Information provided Start Marker

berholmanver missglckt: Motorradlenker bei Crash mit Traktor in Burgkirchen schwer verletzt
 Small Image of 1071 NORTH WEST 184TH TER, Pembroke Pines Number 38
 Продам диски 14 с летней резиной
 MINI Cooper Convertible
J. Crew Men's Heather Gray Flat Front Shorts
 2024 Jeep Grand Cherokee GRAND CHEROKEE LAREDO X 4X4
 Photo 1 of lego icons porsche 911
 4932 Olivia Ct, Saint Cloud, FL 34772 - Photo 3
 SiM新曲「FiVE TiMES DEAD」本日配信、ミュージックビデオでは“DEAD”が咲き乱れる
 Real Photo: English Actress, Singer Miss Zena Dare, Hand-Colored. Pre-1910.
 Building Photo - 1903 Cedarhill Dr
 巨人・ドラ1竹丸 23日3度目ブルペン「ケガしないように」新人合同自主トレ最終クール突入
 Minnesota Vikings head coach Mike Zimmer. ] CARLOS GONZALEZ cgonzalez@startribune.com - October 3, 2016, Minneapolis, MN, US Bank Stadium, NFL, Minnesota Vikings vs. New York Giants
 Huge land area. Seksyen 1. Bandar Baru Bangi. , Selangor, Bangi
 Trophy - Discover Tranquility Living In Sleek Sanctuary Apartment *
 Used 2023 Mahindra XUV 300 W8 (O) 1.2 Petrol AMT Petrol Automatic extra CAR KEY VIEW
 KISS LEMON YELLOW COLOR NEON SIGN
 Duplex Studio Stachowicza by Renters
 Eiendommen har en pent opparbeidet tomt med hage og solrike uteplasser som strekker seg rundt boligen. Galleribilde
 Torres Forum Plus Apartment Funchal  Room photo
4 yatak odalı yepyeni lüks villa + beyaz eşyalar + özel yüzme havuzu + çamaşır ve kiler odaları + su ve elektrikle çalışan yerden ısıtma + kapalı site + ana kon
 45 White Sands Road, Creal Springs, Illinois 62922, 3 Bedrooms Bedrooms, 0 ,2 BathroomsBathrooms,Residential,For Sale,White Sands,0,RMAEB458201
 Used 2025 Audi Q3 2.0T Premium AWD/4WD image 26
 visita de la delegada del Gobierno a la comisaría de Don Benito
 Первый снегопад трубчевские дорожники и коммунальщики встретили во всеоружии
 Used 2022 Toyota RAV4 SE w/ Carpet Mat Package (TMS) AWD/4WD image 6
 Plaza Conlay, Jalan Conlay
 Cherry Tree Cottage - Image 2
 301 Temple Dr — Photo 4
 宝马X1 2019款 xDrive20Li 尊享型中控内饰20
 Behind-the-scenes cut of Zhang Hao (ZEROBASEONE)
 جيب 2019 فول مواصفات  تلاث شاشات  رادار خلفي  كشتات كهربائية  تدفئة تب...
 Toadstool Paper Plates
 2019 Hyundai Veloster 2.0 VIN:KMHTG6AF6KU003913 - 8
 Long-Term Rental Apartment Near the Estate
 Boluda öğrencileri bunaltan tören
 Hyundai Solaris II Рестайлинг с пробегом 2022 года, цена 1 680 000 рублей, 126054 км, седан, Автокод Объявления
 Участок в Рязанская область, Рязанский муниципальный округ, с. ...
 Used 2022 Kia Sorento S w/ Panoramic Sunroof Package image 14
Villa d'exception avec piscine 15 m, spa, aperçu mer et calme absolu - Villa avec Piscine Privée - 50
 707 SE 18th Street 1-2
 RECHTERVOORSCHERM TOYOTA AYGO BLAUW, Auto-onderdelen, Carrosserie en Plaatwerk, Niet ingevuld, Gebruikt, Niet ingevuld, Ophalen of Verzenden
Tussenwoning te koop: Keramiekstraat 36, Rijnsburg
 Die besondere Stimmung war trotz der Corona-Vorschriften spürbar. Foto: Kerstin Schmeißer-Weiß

Information provided End Marker

◆ Task directions:
Within the material above, transcribe exactly the lines that run from the line holding "301 Temple Dr — Photo 4" through the line holding "Toadstool Paper Plates".

◆ Expected output:
 301 Temple Dr — Photo 4
 宝马X1 2019款 xDrive20Li 尊享型中控内饰20
 Behind-the-scenes cut of Zhang Hao (ZEROBASEONE)
 جيب 2019 فول مواصفات  تلاث شاشات  رادار خلفي  كشتات كهربائية  تدفئة تب...
 Toadstool Paper Plates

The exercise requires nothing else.